三、Euler-Lagrange方程的推导

  有了预备定理,我们转入正题,考虑如下形式的泛函\begin{align*} Q[y(x)] = \int_a^b F(x, y(x), y‘(x)) \mbox{d}x \end{align*}其中$F(x, y(x), y‘(x))$是三个变量的连续函数且当点$x,y$在平面上某个有界域内,$F(x, y(x), y‘(x))$及其直到二阶的偏导数均连续。

  求泛函极值的基本思想还是套用微积分里的Fermat定理,现假设$Q[f(x)]$在$y(x)$处取得极值,任取一个函数$\eta(x)$满足$\eta(a) = \eta(b) = 0$且有连续导数,考虑$y(x)$某个领域内的函数$y_1(x) = y(x) + \alpha \eta(x)$,那么当$\alpha$充分小,应该有$Q[y_1(x)] \leq Q[y(x)]$。由于泛函$Q[y(x) + \alpha \eta(x)] = \psi(\alpha)$也是$\alpha$的函数,于是由Fermat定理知应该有$\psi‘(0) = 0$。

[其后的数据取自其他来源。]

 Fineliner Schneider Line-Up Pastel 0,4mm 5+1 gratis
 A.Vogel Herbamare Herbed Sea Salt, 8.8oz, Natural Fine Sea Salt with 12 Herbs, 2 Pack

  又\begin{align} \psi‘(0) = \psi‘(\alpha) |_{\alpha = 0} & =  \left. \frac{\mbox{d}}{\mbox{d} \alpha} \left( \int_a^b F(x, y(x) + \alpha \eta(x), y‘(x) + \alpha \eta‘(x)) \mbox{d}x \right) \right|_{\alpha = 0} \nonumber \\ \label{Euler-Lagrange} & = \left. \left( \int_a^b \frac{\mbox{d} F(x, y(x) + \alpha \eta(x), y‘(x) + \alpha \eta‘(x))}{\mbox{d} \alpha} \mbox{d}x \right) \right|_{\alpha = 0} \\ & = \left. \left( \int_a^b F_y \frac{\mbox{d} (y(x) + \alpha \eta(x))}{\mbox{d} \alpha} + F_{y‘} \frac{\mbox{d} (y‘(x) + \alpha \eta‘(x))}{\mbox{d} \alpha} \mbox{d}x \right) \right|_{\alpha = 0} \nonumber \\ & = \left. \left( \int_a^b F_y \eta(x) + F_{y‘} \eta‘(x) \mbox{d}x \right) \right|_{\alpha = 0} \nonumber \\ & = \int_a^b F_y \eta(x) \mbox{d}x + \int_a^b F_{y‘} \eta‘(x) \mbox{d}x \nonumber \\ & = \int_a^b F_y \eta(x) \mbox{d}x + \left. F_{y‘} \eta(x) \right|_a^b - \int_a^b  \eta(x) \mbox{d} F_{y‘} \ (\eta(a) = \eta(b) = 0) \nonumber \\ & = \int_a^b \left( F_y - \frac{\mbox{d} F_{y‘}}{\mbox{d} x} \right) \eta(x) \mbox{d}x \nonumber \end{align}其中(\ref{Euler-Lagrange})式交换了积分和求导的顺序(正确性稍后给出证明)。于是\begin{align*} \int_a^b \left( F_y - \frac{\mbox{d} F_{y‘}}{\mbox{d} x} \right) \eta(x) \mbox{d}x = 0 \end{align*}由预备定理知\begin{align*} F_y = \frac{\mbox{d} F_{y‘}}{\mbox{d} x} \end{align*}这就是Euler-Lagrange方程。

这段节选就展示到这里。